## Supplied records

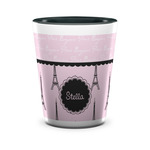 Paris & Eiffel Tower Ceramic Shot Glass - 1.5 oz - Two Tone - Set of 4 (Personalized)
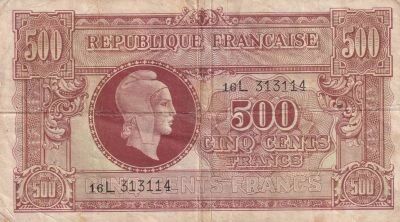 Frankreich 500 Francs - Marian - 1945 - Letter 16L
...
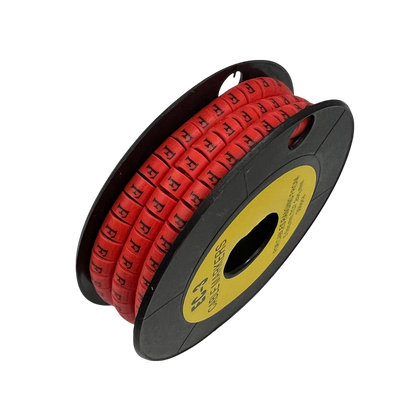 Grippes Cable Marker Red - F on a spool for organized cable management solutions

## Work instruction
In the records above, everything from the line with "Paris & Eiffel" down to the line with "Frankreich 500 Francs" must be duplicated exactly, both lines kept. Leave no pictures in.

## Exercise answer
 Paris & Eiffel Tower Ceramic Shot Glass - 1.5 oz - Two Tone - Set of 4 (Personalized)
 Frankreich 500 Francs - Marian - 1945 - Letter 16L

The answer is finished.